This is a crop of a photograph of the back of a book I have: "The World's Strangest Aircraft: A Collection of Weird and Wonderful Flying Machines by Michael John Haddrick Taylor".

The main picture, not shown here, was of a (X/Y)B-49 being worked on at the Northrop plant. In the crop and enlargement that I have included below you can see there is a couple of unfinished Northrop X/YB-35 Flying Wing bombers, which in and of itself is not unusual as you know they began to convert the already built b-35's into b-49's. But what is unusual is that one of the unfinished airframes is entirely painted in yellow zinc-chromate! Why? I always assumed that the planes themselves where left in NMF and if this was true why the zinc chromate? And why just that one? Theories?

XB-35 Zinc Yellow.jpg
 
I don't know if this will help or just muddy up the water more. Here are the remaining airframes on their way to be broken up and none of them appear to have a bare metal finish

soon to be wrecked.jpg
 
The only possible explanations I can think of would be


1. it was used for test and evaluation. Some of the early evaluation aircraft had bright colors to make them easier to see during testing. The Northrop N9MB that still flies today is yellow on top and blue on the bottom.

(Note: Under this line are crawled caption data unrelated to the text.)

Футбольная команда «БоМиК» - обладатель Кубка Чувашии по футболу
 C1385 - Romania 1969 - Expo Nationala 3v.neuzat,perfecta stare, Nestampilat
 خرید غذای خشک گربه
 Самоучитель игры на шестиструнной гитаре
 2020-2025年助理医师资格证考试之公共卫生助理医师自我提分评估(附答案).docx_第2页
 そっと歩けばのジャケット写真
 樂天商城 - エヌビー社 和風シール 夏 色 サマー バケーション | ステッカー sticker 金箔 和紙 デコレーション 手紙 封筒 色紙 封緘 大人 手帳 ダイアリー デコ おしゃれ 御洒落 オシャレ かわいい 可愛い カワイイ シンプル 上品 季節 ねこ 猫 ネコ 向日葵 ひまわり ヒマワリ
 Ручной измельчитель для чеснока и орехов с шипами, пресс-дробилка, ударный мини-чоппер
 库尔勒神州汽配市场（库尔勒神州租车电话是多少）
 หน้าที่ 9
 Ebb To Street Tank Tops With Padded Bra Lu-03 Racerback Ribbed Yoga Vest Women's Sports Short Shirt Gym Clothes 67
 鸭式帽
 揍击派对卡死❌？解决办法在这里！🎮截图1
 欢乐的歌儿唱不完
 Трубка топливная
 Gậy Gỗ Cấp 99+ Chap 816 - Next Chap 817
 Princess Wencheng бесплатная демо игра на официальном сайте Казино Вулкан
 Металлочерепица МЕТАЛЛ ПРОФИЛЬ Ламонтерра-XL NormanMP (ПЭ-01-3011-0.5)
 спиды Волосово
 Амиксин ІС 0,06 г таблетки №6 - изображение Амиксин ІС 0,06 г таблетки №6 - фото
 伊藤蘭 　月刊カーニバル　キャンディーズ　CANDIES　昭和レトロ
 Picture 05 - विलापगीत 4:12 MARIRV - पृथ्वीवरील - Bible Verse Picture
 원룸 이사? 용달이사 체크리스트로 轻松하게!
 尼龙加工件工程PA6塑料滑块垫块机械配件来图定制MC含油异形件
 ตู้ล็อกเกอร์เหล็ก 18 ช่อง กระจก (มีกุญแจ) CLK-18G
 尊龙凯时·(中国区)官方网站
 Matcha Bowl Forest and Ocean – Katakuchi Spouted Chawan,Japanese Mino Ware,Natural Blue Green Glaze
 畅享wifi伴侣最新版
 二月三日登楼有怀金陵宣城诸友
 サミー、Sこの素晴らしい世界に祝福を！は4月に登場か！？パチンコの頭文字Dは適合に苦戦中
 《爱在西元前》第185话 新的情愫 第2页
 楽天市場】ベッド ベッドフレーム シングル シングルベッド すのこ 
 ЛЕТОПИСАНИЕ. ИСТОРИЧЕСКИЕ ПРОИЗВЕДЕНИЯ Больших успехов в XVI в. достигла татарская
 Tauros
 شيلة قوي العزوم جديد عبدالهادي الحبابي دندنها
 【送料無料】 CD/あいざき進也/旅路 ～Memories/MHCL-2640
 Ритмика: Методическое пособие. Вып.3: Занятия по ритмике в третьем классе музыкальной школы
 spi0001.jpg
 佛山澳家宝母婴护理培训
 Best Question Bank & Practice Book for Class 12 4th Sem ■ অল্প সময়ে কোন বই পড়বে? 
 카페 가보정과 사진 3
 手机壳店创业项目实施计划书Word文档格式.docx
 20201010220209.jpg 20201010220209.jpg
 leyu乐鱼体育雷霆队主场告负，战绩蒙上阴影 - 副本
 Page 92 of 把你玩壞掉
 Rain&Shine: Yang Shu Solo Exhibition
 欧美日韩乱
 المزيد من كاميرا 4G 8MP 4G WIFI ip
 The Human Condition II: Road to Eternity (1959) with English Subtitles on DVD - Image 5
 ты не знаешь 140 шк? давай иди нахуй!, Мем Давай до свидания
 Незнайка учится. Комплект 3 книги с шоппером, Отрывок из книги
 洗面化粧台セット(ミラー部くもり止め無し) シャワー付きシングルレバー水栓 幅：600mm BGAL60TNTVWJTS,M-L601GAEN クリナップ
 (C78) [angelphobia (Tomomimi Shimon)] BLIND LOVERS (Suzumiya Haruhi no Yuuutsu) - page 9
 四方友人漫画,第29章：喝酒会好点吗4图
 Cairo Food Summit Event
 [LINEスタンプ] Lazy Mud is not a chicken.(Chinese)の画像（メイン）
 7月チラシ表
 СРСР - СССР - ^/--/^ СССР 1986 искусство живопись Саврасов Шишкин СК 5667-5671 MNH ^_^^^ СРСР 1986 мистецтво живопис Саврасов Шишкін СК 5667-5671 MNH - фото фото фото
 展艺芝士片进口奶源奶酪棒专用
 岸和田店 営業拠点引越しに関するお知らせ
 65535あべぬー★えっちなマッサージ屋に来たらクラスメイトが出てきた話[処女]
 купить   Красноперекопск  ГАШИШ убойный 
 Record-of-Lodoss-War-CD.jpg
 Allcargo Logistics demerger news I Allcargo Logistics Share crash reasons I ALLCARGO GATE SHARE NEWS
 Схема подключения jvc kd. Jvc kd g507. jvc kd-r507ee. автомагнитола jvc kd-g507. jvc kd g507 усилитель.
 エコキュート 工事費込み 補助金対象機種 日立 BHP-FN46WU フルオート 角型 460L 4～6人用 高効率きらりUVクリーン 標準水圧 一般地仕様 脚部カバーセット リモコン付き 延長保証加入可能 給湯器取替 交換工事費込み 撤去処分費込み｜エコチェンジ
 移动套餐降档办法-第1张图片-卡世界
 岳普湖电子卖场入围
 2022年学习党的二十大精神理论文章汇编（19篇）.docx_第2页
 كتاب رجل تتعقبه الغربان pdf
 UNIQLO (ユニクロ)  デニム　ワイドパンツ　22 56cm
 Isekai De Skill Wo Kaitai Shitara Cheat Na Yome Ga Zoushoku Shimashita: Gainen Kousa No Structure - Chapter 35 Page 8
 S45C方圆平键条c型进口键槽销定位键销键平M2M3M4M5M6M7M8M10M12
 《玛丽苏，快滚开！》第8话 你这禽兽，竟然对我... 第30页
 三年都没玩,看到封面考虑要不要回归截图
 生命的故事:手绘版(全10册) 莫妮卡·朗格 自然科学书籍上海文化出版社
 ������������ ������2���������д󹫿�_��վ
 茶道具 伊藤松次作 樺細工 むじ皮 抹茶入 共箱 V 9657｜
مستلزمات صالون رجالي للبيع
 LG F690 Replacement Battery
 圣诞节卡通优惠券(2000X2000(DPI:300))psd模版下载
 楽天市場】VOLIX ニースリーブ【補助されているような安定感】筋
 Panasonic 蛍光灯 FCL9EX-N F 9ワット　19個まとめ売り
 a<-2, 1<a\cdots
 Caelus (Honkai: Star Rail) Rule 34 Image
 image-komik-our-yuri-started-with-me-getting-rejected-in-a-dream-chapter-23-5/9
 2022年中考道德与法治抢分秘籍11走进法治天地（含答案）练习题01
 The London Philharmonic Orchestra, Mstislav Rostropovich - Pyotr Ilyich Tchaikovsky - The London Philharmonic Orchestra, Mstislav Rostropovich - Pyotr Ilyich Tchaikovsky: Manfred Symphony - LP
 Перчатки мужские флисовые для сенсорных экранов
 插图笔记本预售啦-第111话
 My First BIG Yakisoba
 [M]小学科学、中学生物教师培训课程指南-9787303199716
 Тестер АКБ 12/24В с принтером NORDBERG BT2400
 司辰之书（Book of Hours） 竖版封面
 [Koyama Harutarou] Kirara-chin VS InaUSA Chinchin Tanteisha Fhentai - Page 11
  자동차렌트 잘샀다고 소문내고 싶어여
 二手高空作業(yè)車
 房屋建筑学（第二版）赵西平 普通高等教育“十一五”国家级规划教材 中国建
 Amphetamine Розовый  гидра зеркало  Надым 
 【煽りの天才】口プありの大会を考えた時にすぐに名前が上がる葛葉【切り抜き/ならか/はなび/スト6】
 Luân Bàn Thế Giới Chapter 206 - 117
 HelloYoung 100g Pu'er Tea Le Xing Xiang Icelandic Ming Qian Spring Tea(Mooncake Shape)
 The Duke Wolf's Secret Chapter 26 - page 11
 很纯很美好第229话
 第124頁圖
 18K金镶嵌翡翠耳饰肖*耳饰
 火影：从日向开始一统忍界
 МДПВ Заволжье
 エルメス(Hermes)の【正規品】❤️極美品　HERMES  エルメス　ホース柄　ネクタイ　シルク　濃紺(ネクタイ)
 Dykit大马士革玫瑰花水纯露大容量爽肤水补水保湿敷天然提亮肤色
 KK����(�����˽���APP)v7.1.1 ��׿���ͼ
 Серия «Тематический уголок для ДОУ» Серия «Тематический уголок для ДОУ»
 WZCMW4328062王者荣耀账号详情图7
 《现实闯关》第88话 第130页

2. There was one reconnaissance version built. It is possible that the reconnaissance version would have paint applied, so they put the zinc chromate primer on it.

There may be a different explanation, but that's all I can speculate on.
 
I don't know if this will help or just muddy up the water more. Here are the remaining airframes on their way to be broken up and none of them appear to have a bare metal finish

Good point! I guess there are no color pictures out there of these planes waiting in the California sun huh? Also, if they were painted Z-C Yellow, would they be stripped of this color to later appear in NMF in service?

However, depending on when this picture was taken, those babies are either waiting to be converted to jet powered B-49's or awaiting the scrappers ax! Sad…

Another thing that I have always been curious: Why are there were no pictures of these planes being scrapped, other than the one-off version that was to be equipped with two wing-mounted Northrop XT-37 Turbodyne engines?
 
I'm no expert so take this for what it is worth. The following is to the best of my knowledge, based on what I have read and pictures I have seen. Most of this info comes from Northrop Flying Wings by Pape and Campbell.

All XB-35 (props), YB-49 (jet), and YRB-49 (recon) were flown in bare metal. Fifteen XB-35s were built or partially completed. One was converted to the sole YRB-49. Two YB-49s were built.

Northrop's XT-37 Turbodyne was never installed in any airframe but was planed for the EB-35B test bed, an XB-35 conversion that was never completed.

With the jet engine coming online, the fate of the XB-35 was uncertain. Would there be a contract for the B-35, would the completed/partially built airframes be converted to jets, or scraped? It seemed in 1948, no one knew what would happen, and the XB-35s were put in temporary outside storage. I believe the OP's photo is of work being done on a YB-49 while the XB-35s in the background were prepared for, or in, storage until their fate had been decided.

The XB-35s were initially to be converted to jet power but were scraped from 12/29/1949 to 2/4/1950. One of the XB-35s had became the EB-35B (the Turbodyne test bed). It, along with the YB-49 and YRB-49 were not ordered to be scraped with the XB-35s. However, the sole remaining YB-49 was destroyed in a taxi accident in 3/15/1950. The EB-35B was never completed and order scrapped, which it was on 3/30/1950. The YRB-49 continued flight testing until 1951. It was order scraped on 11/17/1953 and the deed was done by 12/1/1953.